Graskarper
Graskarper Ctenopharyngodon idella | |||
---|---|---|---|
Niet bedreigd | |||
Leefgebied | Van oorsprong van Noord-Vietnam tot de rivier de Amur aan de Chinees-Russische grens | ||
Leefomgeving | troebele rivieren en bijbehorende uiterwaarden of meren | ||
Behoort tot de | Karperachtigen (Cypriniformes), Zoetwatervissen, Beenvissen, Vissen | ||
|
De Graskarper (Ctenopharyngodon idella) behoort tot de Karperachtigen (Cypriniformes). Het is een soort die eigenlijk niet in de Nederlandse wateren thuis hoort (excoot). Het werd in 1973 door de mens in de Benelux geïntroduceerd om onkruid in wateren te bestrijden. Van oorsprong komt de graskarper uit Noord-Vietnam tot de rivier de Amur aan de Chinees-Russische grens. Daar wordt de vis ook gekweekt. Ze leven in langzaam stromende of stilstaand water van troebele rivieren en bijbehorende uiterwaarden of meren.
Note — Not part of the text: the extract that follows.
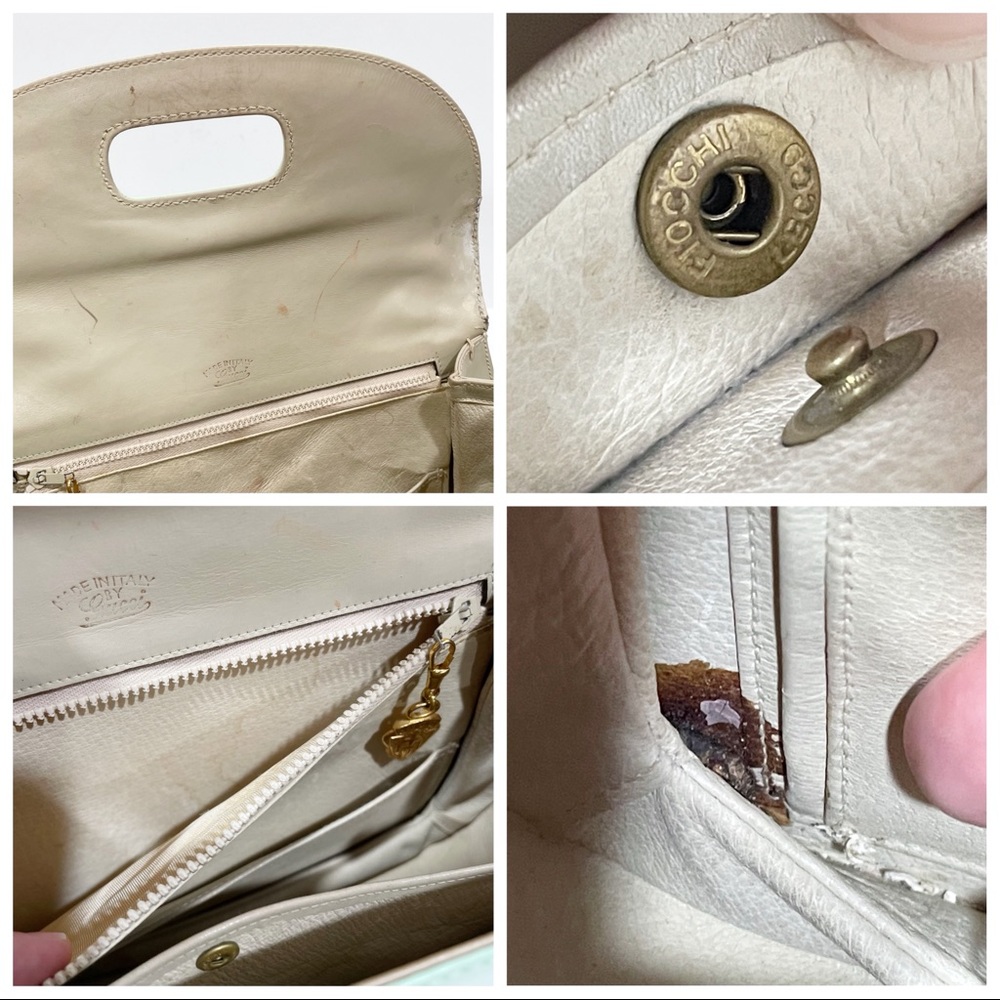 ❤️SOLD❤️Gucci mint green and off white leather vintage bamboo top handle bag - Picture 11 of 12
Graskarpers hebben langwerpige, mollige, torpedovormige lichaamsvormen. De mond is enigszins schuin met niet-vlezige, stevige lippen en geen baarddraden. De volledige zijlijn bevat 40 tot 42 schubben. Het heeft brede, geribbelde tanden. De rugvin heeft acht tot tien zachte stralen en de anaalvin is dicht bij de staart geplaatst. De lichaamskleur is donker olijfgroen, aan de zijkanten bruinachtig geel, met een witte buik en grote, licht omlijnde schubben.
Graskarpers groeien erg snel. Jonge vissen die in het voorjaar worden uitgezet op 20 cm zullen in de herfst meer dan 45 cm bereiken. De meest voorkomende lengte is ongeveer 60-100 cm. De maximale lengte is 2,0 m en ze kunnen wel 45 kg zwaar worden.
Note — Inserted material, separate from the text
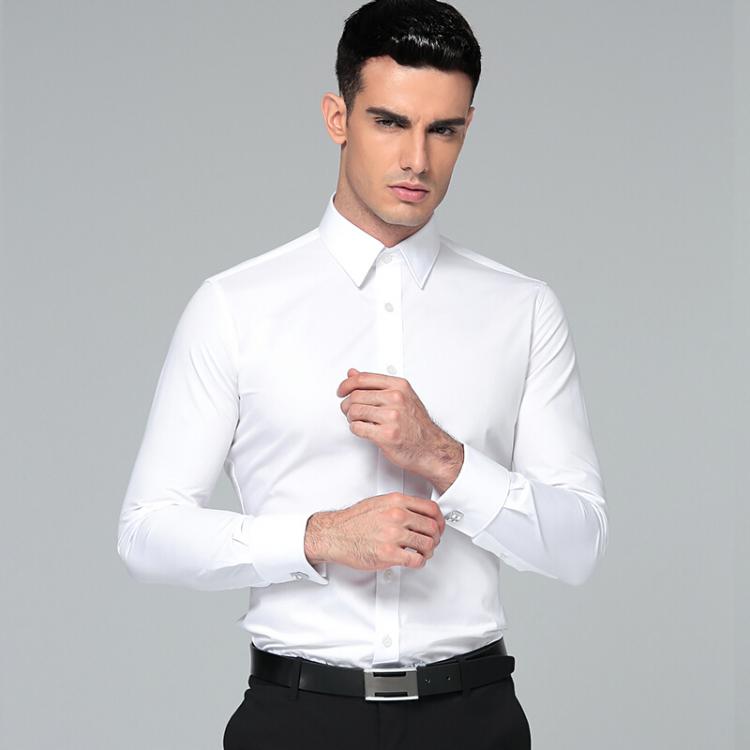 all in one place בגדי גברים Brand New High Quality Gentleman Regular Fit Shirts for Men Business Long Sleeve Cufflink Cotton Solid Color Camisas De Hombre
In het wild paaien graskarpers in snel bewegende rivieren, en hun eieren, die iets zwaarder zijn dan water, ontwikkelen zich terwijl ze stroomafwaarts drijven, in leven gehouden door het woelen van het water. Graskarpers hebben lange rivieren nodig om de eieren en zeer jonge vissen te laten overleven, en men denkt dat de eieren sterven als ze naar de bodem zinken.
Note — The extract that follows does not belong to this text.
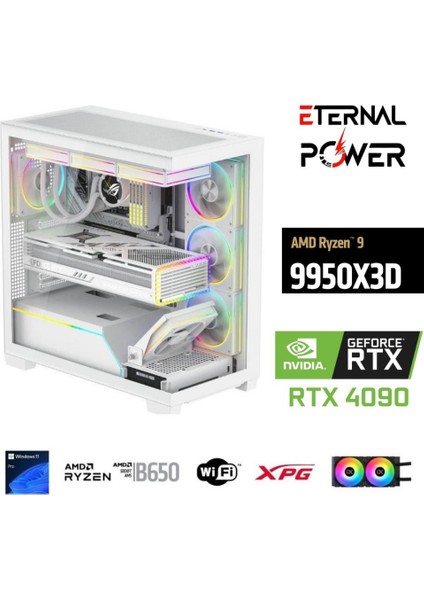 Ryzen 9 9950X3D 32GB Ddr5 1tb M.2 Rtx 4090 B650 Wıfı 850W 240M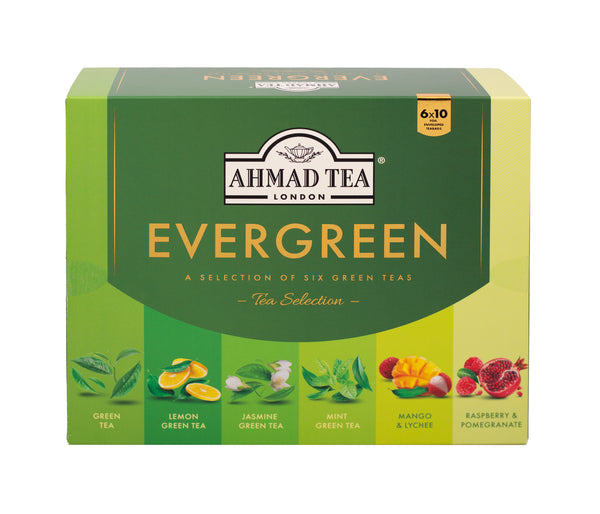 Ahmad Tea Evergreen Selection 60 Teabags - Front of box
Volwassenen graskarpers voeden zich voornamelijk met waterplanten, zowel hogere waterplanten als ondergedompelde bodemplanten, maar kunnen ook afval, insecten en andere ongewervelde dieren eten. Ze eten dagelijks tot drie keer hun eigen lichaamsgewicht en gedijen goed in kleine meren en binnenwateren die een overvloed aan beplanting bieden.
Volgens een studie leven graskarpers 5-9 jaar, met de oudste overlevende van 11 jaar.